Step 1 — DNS Resolution
Browser asks: "What is the IP for netbanking.example-bank.co.in?"
DNS resolver returns: 203.x.x.x
Step 2 — TCP Connection + TLS Handshake
Browser connects to 203.x.x.x on port 443
Server presents its certificate
Step 3 — Certificate Validation
Browser verifies the certificate chain
Checks: valid CA? → expiry? → domain match? → revoked?
All pass → TLS handshake completes
Step 4 — Session Key Established
Symmetric session key agreed
All data now encrypted with this key
Step 5 — HSTS Check
Browser checks: "Has this site registered an HSTS policy?"
If yes → browser saves: "always use HTTPS for this domain"
Future visits skip any HTTP attempt entirely
Every step is automatic. Sunita didi does not press any button to make this happen. But she knows exactly what is happening — and when a step fails (a certificate error, a DNS failure, a connection refused), she knows which layer to look at.
HSTS has a feature called preloading. Major sites can submit their domain to a list that is compiled directly into browsers — so even on the very first visit, before the site has ever had a chance to send an HSTS header, the browser already knows to use HTTPS only.
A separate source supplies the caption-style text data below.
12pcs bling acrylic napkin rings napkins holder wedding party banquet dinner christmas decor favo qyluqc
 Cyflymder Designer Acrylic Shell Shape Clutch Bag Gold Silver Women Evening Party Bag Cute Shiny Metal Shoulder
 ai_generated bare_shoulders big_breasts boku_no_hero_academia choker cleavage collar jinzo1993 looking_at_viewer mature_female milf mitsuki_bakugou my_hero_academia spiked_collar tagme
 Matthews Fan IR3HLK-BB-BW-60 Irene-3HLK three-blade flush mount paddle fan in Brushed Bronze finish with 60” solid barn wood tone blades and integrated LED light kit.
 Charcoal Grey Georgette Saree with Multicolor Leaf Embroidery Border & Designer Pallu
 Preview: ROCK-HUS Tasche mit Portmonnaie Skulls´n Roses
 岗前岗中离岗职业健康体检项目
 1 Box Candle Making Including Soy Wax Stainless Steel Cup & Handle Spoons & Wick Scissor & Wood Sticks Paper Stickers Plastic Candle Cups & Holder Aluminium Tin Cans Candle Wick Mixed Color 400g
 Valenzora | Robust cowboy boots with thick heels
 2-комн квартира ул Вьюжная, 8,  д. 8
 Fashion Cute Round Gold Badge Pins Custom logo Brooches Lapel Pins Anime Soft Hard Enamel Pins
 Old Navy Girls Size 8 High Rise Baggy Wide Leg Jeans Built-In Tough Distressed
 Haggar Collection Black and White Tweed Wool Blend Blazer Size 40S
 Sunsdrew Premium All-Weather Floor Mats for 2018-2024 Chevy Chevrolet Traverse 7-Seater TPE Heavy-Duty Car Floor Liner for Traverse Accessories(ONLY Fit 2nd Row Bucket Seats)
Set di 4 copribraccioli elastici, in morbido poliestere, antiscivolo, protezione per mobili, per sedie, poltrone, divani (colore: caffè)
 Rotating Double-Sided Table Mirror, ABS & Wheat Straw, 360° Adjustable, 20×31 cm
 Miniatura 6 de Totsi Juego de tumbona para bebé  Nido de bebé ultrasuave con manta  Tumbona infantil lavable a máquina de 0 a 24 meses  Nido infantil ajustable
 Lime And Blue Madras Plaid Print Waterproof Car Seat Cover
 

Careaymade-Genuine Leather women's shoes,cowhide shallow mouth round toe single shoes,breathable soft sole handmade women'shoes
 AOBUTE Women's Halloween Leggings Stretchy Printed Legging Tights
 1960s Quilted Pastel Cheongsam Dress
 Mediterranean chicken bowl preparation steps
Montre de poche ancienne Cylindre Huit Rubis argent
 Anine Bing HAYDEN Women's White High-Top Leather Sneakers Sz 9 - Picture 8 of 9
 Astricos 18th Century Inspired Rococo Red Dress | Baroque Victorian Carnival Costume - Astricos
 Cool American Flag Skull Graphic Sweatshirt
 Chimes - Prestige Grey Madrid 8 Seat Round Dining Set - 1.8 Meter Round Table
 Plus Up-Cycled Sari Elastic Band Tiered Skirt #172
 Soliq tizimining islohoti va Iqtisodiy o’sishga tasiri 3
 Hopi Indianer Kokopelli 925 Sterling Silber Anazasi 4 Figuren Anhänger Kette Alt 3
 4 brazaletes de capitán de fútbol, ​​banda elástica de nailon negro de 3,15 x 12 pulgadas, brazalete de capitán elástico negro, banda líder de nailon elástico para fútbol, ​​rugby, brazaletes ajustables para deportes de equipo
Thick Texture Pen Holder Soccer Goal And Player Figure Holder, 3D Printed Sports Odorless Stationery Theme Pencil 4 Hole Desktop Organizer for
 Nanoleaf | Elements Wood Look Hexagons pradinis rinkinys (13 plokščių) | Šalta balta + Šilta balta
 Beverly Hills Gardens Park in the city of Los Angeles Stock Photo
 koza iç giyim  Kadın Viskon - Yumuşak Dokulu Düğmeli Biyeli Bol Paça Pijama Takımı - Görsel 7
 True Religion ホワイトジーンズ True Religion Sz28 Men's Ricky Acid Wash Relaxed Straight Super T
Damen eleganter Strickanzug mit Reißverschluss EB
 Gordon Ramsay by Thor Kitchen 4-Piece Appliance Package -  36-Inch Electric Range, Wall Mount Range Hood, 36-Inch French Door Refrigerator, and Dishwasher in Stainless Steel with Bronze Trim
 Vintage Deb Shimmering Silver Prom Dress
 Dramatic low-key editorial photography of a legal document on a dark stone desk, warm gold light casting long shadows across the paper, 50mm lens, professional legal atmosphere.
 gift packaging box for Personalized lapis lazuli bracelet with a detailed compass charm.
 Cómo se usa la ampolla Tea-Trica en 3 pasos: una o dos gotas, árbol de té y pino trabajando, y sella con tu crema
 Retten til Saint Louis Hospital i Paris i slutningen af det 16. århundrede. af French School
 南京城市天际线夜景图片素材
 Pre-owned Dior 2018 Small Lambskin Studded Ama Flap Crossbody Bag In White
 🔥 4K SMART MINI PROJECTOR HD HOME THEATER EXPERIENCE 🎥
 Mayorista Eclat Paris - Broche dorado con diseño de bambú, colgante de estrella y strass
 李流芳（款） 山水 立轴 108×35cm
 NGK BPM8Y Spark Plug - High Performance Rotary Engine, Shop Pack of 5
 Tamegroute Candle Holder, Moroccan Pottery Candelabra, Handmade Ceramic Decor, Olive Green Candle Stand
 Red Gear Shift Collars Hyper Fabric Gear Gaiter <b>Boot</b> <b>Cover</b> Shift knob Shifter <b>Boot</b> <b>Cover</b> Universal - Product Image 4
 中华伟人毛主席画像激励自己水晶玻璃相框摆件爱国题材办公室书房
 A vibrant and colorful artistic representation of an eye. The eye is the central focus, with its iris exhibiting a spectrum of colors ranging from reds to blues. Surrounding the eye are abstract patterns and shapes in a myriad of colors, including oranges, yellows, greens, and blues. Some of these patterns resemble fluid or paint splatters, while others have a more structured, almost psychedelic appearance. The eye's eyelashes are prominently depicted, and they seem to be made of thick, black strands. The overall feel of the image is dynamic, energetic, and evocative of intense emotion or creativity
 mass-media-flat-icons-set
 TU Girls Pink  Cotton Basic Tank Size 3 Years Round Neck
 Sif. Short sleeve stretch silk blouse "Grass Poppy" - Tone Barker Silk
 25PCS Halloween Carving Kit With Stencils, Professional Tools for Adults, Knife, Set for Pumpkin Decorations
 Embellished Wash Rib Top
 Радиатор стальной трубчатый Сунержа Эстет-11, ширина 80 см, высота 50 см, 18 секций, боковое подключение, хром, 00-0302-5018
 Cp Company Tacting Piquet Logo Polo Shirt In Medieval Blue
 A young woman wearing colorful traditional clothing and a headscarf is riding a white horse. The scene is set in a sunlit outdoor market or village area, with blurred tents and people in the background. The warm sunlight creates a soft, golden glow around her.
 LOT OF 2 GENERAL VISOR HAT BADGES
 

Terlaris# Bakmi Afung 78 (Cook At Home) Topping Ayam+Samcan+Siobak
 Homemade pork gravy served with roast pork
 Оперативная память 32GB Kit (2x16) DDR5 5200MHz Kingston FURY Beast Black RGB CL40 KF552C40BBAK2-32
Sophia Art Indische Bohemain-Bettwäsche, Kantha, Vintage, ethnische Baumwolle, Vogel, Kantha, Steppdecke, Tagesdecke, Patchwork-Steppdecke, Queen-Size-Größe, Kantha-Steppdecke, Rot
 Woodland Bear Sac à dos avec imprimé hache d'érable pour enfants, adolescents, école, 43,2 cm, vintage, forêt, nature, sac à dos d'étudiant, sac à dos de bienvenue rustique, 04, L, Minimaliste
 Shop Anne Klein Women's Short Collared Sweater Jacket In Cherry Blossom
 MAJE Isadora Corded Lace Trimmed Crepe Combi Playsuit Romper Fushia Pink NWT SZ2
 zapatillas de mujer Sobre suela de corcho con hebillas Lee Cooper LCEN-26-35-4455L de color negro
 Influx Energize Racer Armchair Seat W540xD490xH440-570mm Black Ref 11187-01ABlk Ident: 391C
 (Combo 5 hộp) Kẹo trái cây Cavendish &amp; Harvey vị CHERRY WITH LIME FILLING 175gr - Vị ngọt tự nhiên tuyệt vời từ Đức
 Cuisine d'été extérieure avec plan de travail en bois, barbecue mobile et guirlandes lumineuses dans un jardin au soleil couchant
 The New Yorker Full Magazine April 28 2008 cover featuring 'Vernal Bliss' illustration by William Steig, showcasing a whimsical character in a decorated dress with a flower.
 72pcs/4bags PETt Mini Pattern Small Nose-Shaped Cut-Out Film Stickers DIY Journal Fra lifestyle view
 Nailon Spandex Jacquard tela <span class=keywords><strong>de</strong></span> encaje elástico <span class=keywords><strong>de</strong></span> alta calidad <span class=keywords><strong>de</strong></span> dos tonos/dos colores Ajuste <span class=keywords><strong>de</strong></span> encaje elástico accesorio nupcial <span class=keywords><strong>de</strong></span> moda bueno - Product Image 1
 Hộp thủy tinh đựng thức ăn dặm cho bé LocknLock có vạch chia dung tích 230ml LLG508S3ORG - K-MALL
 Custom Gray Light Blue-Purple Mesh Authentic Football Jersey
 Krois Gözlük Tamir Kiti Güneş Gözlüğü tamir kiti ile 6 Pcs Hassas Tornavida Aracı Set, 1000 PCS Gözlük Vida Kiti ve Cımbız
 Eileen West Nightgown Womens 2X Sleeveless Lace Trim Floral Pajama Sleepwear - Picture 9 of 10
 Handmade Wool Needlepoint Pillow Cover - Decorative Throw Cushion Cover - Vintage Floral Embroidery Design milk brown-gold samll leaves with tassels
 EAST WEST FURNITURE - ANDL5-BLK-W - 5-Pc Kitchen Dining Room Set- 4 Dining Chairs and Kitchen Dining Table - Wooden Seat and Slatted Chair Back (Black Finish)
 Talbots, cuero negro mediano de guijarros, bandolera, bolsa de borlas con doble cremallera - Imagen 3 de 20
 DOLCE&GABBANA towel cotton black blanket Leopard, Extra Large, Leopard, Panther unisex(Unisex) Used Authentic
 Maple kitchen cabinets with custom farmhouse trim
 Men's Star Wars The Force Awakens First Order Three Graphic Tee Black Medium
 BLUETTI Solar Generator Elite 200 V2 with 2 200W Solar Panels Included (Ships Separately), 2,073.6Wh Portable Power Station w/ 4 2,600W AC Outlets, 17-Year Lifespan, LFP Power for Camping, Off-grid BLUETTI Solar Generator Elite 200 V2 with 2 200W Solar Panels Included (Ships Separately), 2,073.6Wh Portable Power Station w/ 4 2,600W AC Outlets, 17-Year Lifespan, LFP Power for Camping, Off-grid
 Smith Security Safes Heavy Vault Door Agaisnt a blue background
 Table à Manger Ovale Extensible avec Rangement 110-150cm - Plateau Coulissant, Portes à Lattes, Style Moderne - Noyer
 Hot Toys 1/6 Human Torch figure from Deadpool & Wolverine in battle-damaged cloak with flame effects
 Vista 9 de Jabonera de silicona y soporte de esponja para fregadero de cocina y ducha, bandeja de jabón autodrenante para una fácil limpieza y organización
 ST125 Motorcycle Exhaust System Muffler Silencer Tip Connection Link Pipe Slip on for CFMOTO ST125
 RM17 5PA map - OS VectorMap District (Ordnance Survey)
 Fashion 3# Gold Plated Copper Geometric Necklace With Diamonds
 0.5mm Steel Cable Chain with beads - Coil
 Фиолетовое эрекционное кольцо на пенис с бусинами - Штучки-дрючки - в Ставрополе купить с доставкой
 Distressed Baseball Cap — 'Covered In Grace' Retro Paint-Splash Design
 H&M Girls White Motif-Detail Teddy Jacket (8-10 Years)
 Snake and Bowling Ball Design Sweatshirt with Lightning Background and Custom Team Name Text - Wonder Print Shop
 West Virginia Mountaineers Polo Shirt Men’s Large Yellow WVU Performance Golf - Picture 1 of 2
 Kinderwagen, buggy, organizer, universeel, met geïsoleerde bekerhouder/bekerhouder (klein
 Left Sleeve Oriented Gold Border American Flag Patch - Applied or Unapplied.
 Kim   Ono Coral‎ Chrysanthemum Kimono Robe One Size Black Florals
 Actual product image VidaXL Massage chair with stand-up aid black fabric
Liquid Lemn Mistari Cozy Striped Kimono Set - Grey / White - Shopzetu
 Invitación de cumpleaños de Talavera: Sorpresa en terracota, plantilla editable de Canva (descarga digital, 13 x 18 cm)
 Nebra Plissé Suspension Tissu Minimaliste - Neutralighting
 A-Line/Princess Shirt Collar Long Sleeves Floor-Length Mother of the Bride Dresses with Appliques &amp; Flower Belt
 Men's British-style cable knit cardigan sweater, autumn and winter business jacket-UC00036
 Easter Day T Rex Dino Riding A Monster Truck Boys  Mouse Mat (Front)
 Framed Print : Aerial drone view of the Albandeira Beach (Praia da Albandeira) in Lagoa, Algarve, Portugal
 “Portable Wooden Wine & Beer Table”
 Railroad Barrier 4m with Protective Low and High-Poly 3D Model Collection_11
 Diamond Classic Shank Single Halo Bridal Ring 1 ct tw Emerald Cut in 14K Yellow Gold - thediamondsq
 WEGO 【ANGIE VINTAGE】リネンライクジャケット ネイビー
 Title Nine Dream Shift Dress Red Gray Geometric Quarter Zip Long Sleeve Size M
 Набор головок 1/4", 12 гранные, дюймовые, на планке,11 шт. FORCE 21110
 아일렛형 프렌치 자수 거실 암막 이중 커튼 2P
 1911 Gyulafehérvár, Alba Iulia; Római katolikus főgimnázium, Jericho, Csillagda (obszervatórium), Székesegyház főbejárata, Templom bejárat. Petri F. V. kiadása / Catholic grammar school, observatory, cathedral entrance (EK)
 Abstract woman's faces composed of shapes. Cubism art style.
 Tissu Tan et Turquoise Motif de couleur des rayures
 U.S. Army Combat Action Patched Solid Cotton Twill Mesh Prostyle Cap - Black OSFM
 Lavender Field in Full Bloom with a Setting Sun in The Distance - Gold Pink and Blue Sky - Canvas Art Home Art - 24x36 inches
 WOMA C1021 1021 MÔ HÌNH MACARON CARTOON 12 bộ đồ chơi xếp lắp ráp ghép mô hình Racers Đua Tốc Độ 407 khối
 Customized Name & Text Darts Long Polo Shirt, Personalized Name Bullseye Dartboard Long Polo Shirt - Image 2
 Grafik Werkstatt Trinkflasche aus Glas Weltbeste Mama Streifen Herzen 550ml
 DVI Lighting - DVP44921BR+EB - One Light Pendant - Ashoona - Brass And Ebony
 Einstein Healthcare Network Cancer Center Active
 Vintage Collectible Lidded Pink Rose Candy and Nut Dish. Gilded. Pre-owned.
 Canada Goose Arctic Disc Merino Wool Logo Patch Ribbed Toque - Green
The HSTS preload list at hstspreload.org includes millions of domains. Banks and government sites are strongly encouraged to use it.
Network Troubleshooting — Thinking in Layers
Sunita didi has a mental script she runs through on support calls. It mirrors the internet’s layered architecture. When something does not work, she does not guess — she eliminates layers.
Step 1 — Is the device connected to the network?
Test: ping an IP address directly (e.g., ping 8.8.8.8)
If this works: physical and network layers are fine
If this fails: check Wi-Fi or cable connection
Step 2 — Is DNS working?
Test: ping a domain name (e.g., ping sbi.co.in) or run nslookup
If ping-by-name fails but ping-by-IP works: DNS is the problem
Fix: check DNS server settings, try a different DNS server
Step 3 — Is port 443 reachable?
Test: try to connect to the site on port 443
If DNS works but HTTPS fails: firewall or port block
Look for: corporate firewall, ISP filtering, server down
Step 4 — Is the TLS certificate valid?
Test: visit the site and check for certificate errors
If the connection works but shows a cert error: certificate issue
Read the exact error code — it tells you which part of validation failed
Thinking in layers prevents the most common troubleshooting mistake: jumping to conclusions. “The internet is broken” is almost never true. Something specific at a specific layer is broken. The layers tell you where to look.
“What if the site loads fine but shows weird content?”
That is an application layer problem — Step 5, so to speak. The network is fine (all four steps above passed), but the server is returning unexpected data. This is a different kind of investigation — checking the server logs, looking at what the response actually contains, comparing with expected behaviour.
Your browser is not passive software that displays whatever it receives. It actively validates, blocks, and enforces. Understanding what it does — and what each error code means — turns browser warnings from scary red pages into specific, readable diagnostic information. Every NET::ERR_ code is telling you exactly what failed and at which step.